If you must splurge on your Myrtle Beach trip, then the historic Dunes Club designed by Robert Trent Jones with beachfront access is certainly the place to do it.
It’s been the home of multiple USGA golf championships including this year’s Women’s Four-Ball, and its classic design, including the famous par-5 13th Cape Hole with water all along the right side, can justify the $200+ green fee. You can have lunch at the clubhouse overlooking the Atlantic Ocean and contemplate your good fortune of being in such a diverse golf destination.
Davis Love III, Jack Nicklaus, John Daly and Tom Fazio, who designed TPC Myrtle Beach, have all designed courses in the Myrtle Beach area. As for lodging is there is as much choice, variety and value for places to stay as there are places to play.

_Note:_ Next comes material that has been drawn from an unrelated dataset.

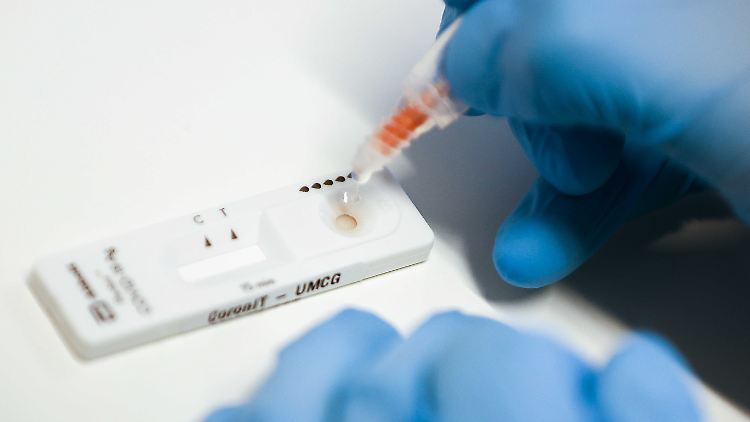 Jeder Schnelltest ersetzt einen aufwändigen PCR-Test. Das schafft neue Kapazitäten.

Ocean Drive is the main two-way street through central Myrtle Beach which passes by the historic wooden Atlantic Boardwalk with the giant Ferris Wheel overlooking the Atlantic waters.
As the street continues to pass by the ocean it goes through a canyon of high rise hotels and condos which sell out through the spring and much of the summer. The tri-tower Breakers are typical of many who are popular with generations of Myrtle Beach fans. It offers a spacious view of the water with an outdoor room/patio overlooking the sun and the fun with views up and down the no-car beach. There is a small refrigerator, two flat screen TVs and even a table for nightly card games. In short, it’s everything you need for a successful buddies or family golf trip.
There is an indoor swimming pool, kids play area and whirlpool along with an outdoor version, a wooden pathway to the beach, workout facilities and a dry sauna.
Across the street is a breakfast buffet hall which is served free to all package hotel guests starting usually before the sun comes up to get you ready for the day. The Starbucks is right next door if you need some more portable caffeine to go.
Of course Myrtle being Myrtle, the soft serve ice cream and the T-shirt shops are only a few hundred feet way. The tattoo shop is just a little farther down and the Baptist Church and mini-golf course are still within walking distance. The laser tag, rock climbing and giant slide are just bus stops away.
But for high quality and low prices, fried seafood overlooking the water and seeing where the country group Alabama once played on the boardwalk, Myrtle Beach is still the king.